I fell into it. It’s hilarious, right?
The people. It’s the people that make all these companies, and it’s such an important job but none of us grow up thinking, “I’m going to land here.” I certainly didn’t, either. In Australia, I was in the motor trade when I married the now ex-husband and came to London. I saw this little trainee recruitment job and I thought, “oh, that looks interesting. I’ll go and see what that’s all about.”
So I started in the agency world which I loved, and then, all of a sudden, “BOOM!” — the recession hits. At the same time, social media explodes, and by now I’m going, “Mmm . . . maybe I should just teach this malarkey. Maybe there’s an audience for this? Today though, it’s become more about, “ how can I get somebody to respond?” because I can find them easily. My “be human” approach is the key.
I’m glad the recession happened. At that time, I was not, but in retrospect, I’m so glad. It opened so many doors for me. I get to travel the world doing this: it just blows my mind. It’s amazing. I love it.
It is all about becoming known, liked, and trusted. I believe this is a person-to-person job, so I’m forever telling recruiters, “would you please look like someone worth talking to?” Have a lovely, approachable profile picture and then use that across your social media profiles, and fill out your bios.
Your prospects are going to Google you, be real. Let them know about things aside from work, like how many dogs you have, what you're growing in the garden or where you're taking this year's vacation. And so, there’s that conversation and I can actually talk to you about something that’s not just work.
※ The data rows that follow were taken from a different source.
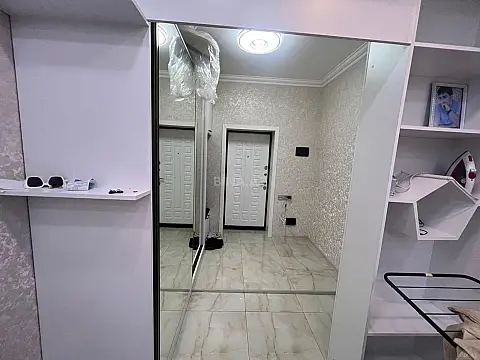 Satılır 3 otaqlı mənzil 115 m²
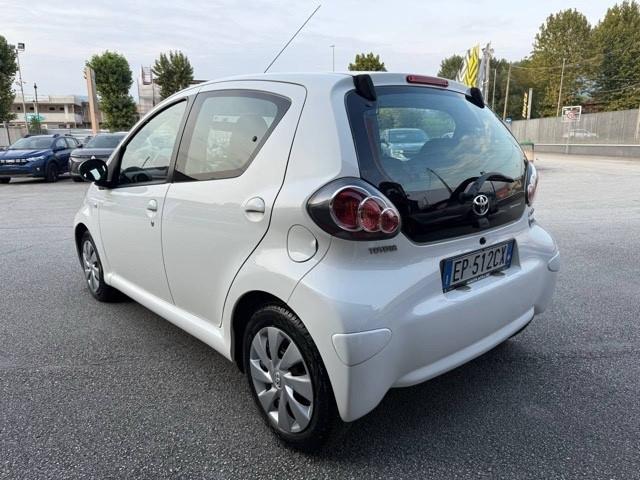 TOYOTA Aygo 1.0 12V VVT-i 3 porte Lounge Connect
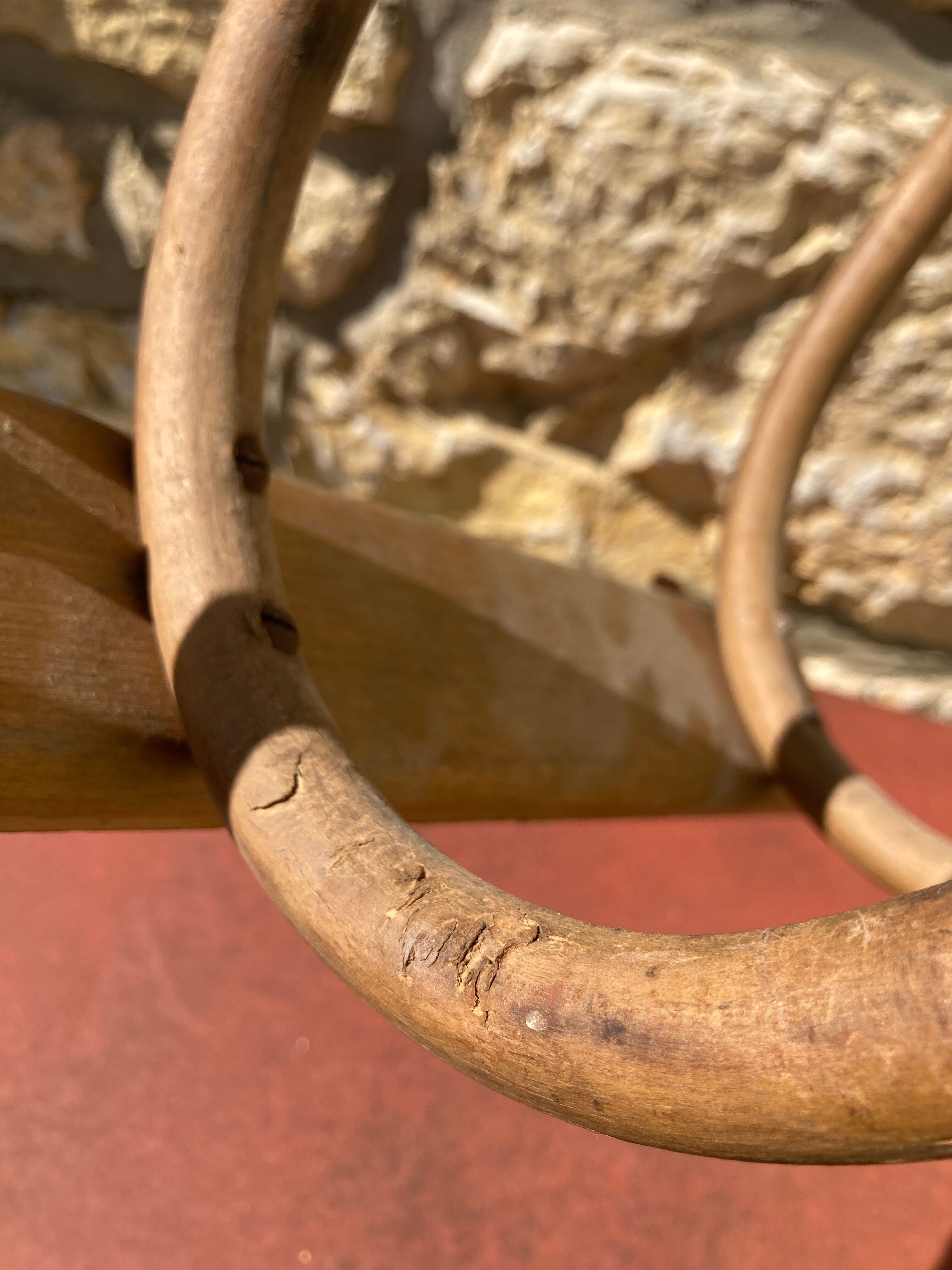 Coat rack style thonet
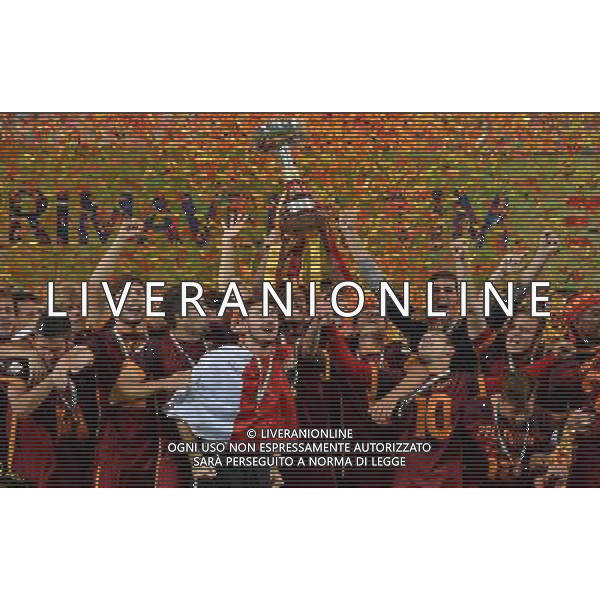 Campionato di Calcio Primavera TIM 2015/2016 \'Trofeo Giacinto Facchetti\' Finale Reggio Emilia - 04.06.2016 Roma-Juventus Nella Foto:capradossi elio alza la coppa premiazione /Ph.Vitez-Ag. Aldo Liverani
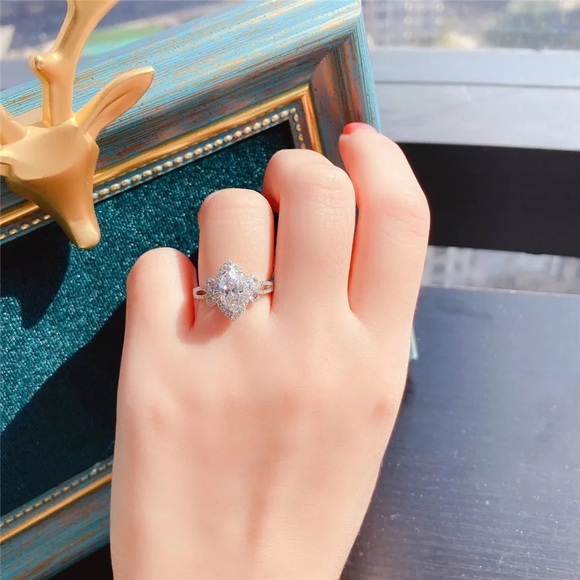 New Marquise Cut 925 Silver Diamond Ring - Picture 3 of 6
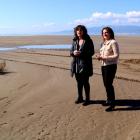 La ministra Teresa Ribera y la consellera Teresa Jordà durante la vista en el Delta del Ebro.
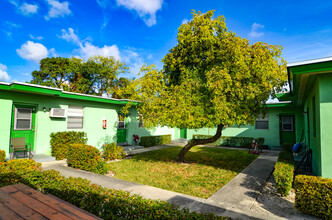 Johnson Apartments in Hallandale Beach, FL - Building Photo - Primary Photo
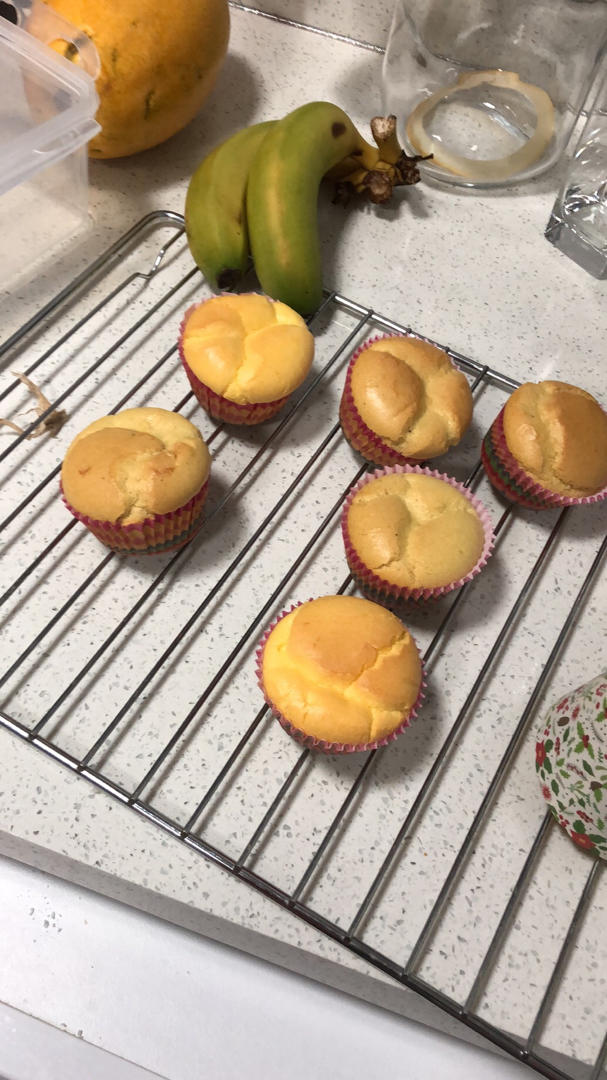 纸杯蛋糕 8寸戚风蛋糕的量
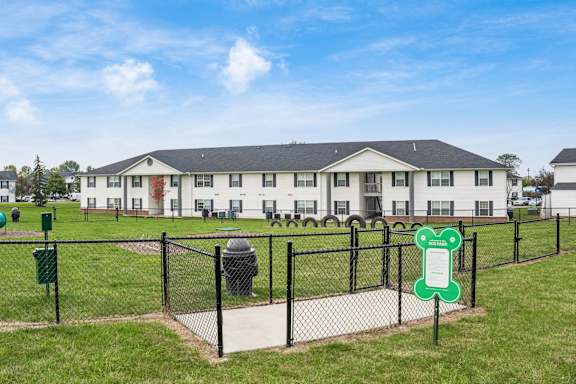 Dog Park area at Estates at Brentwood Lake Apartments, Reynoldsburg, OH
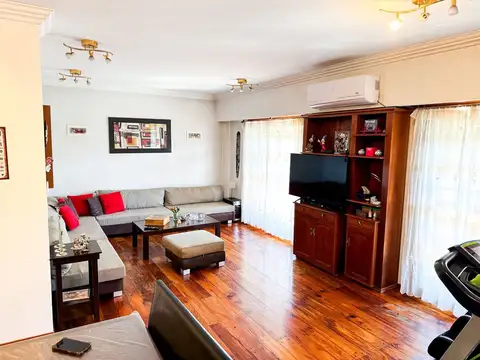 Departamento 4 ambientes con 2 baños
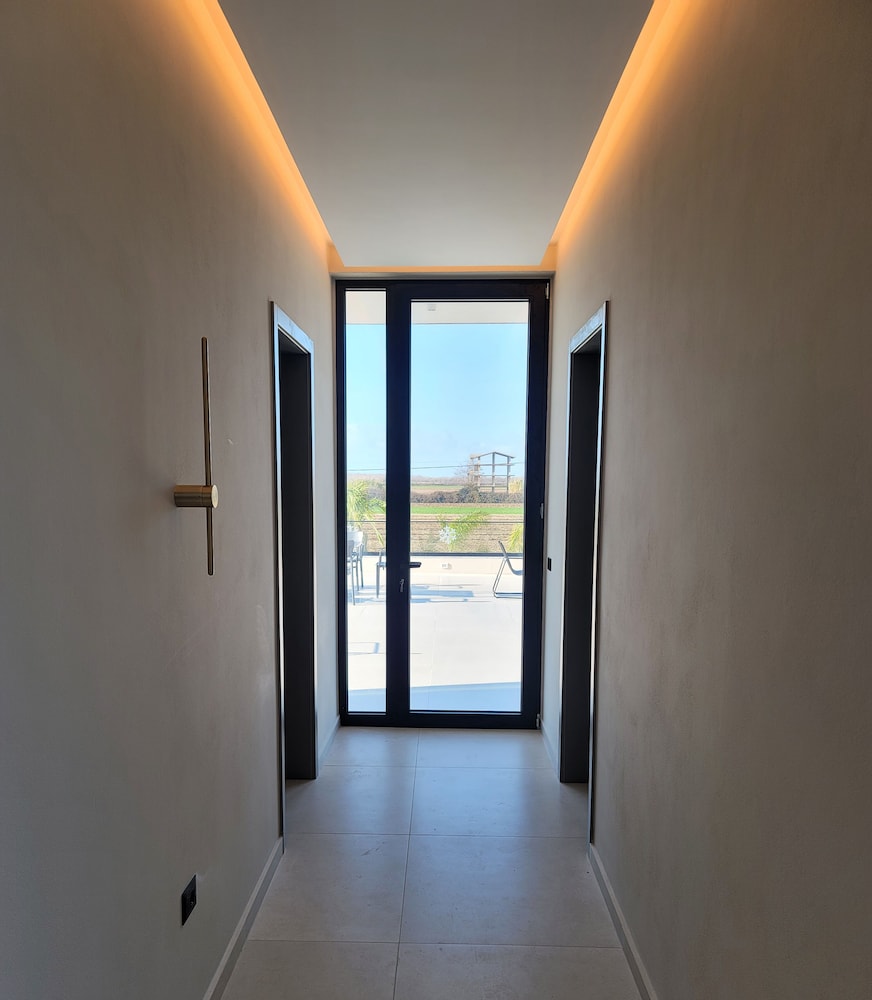 La Mirage Group Villas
On Facebook, create a “profersonal” — a presence that is somewhere between the professional and the personal. Prospects will look you up, show you’re worth talking to!
When you get in touch with them, don’t talk about the job. Make the conversation all about them. Show you’ve done your research. People will be like, “Wow! They’ve looked at my stuff, they’ve read my blog, they’ve seen that Tweet, and they’re interested in me.
You’re not going to walk into a pub, stand at the door and yell, "do you want a job?" so don't do that online. Make it all about them, and show that you’re treating them respectfully as a human being — not as a candidate or talent or techie, or whatever else you want to call them — as a human being.
Something happened when social media appeared. Suddenly, we were meant to split our lives in two, LinkedIn for professional, and Facebook for where we played, but we’re not like that. You don’t spend all day talking about work. LinkedIn has removed a lot of features and it’s become less social. So users have shifted over to Facebook - and it's a great place to source candidates.
If you cannot find a phone number, or email, send them a video in the Facebook message request, because if I sent you one, when you clicked in, you'd see a video of my face, and how could you resist hitting play? I’ve watched clients get so excited about this and it’s so easy to do.
I think it’s the ability to freely share your natural excitement for the company which is what people buy into - just, keeping it real. If people are excited about what they’re doing anyway, their story will just come through. If we thought of our employer brand as being more of an “employee brand,” then I think it would get better. I think that the bulls**t meter’s gone up; people are just like, “really? Videos where people are using words they would never say to their friend, make prospects think, “I don’t want to work for you, because that’s ridiculous. Especially if the people in the video are “real” employees. It’s not that hard to be yourself.
Be human. It literally is, #behuman.
Look like a human being, treat them like a human being, make it about the candidate, make it about how they are going to grow and develop within your company. Sure, once they’re in the company, you flip it and you’re doing the interviewing, but initially, just be human — let’s treat people as people with full respect.